Ben Affleck repurposes his Bat-training for this role as an autistic forensic accountant who becomes a lethal weapon, and he kills it. If Affleck’s Batman was the best thing about Batman v Superman: Dawn of Justice, his deadly and socially awkward Christian Wolff is even better, as is the flawed thriller that surrounds him. 

Plotwise, The Accountant is messy at best. Known for cooking the books for the world’s most wanted men, Wolff is hired to find missing millions for a Bill Gates-ian tech magnate, Lamar Black (John Lithgow). When his CPA-ing leads to some mysterious deaths perpetrated by Jon Bernthal (formerly of “The Walking Dead”), Christian goes into protector mode for an endangered pretty face, Dana Cummings (Anna Kendrick). 

Concurrently, the Treasury director (J.K. Simmons) is blackmailing a young agent, Marybeth Medina (Cynthia Addai-Robinson), into identifying and locating the sought-after book cooker. Some of the movie’s weakest moments involve her unlikely deductions about the title character’s identity. “Laughable” is being generous. 

Eventually, all the plots converge in the most obvious ways. How the movie thinks its big third-act reveal is still a surprise is beyond me; most viewers should nail it by early act two, at least. Still, the action often thrills, and Kendrick provides some sweet comic relief.

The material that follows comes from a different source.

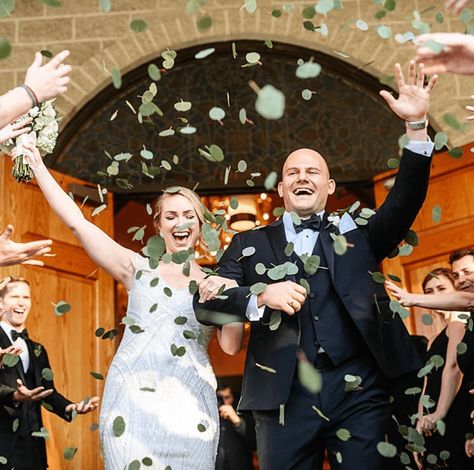 A couple asked guests to toss eucalyptus after their wedding ceremony in Philadelphia instead of confetti for an eco-friendly option. | www.thestyledbride.com Eco Friendly Confetti, Wedding Toss, Small Wedding Party, Cheers To The Weekend, Eco Friendly Cars, Flower Confetti, Confetti Wedding, Surprise Wedding, Wedding Welcome Bags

Considering the rising number of autistic children born in the United States, an autistic hero is laudable, but Affleck’s accountant may be too much of a Punisher–level antihero. The movie struggles to make him sound as bad as it envisions. The Terminator-tough Wolff is a better cinematic Jack Reacher than Tom Cruise’s on-deck Jack Reacher, even when his last scene seems like an SNL sketch starring Ben Affleck as Adam Sandler as Jason Bourne. 

The Accountant generated more complicated feelings than I predicted. Its flaws should be crippling but are not, thanks to such a grounded, badass protagonist. I’d watch a sequel; maybe it could involve an audit that turns into a hallway fight à la Oldboy or any season of Netflix’s “Daredevil.”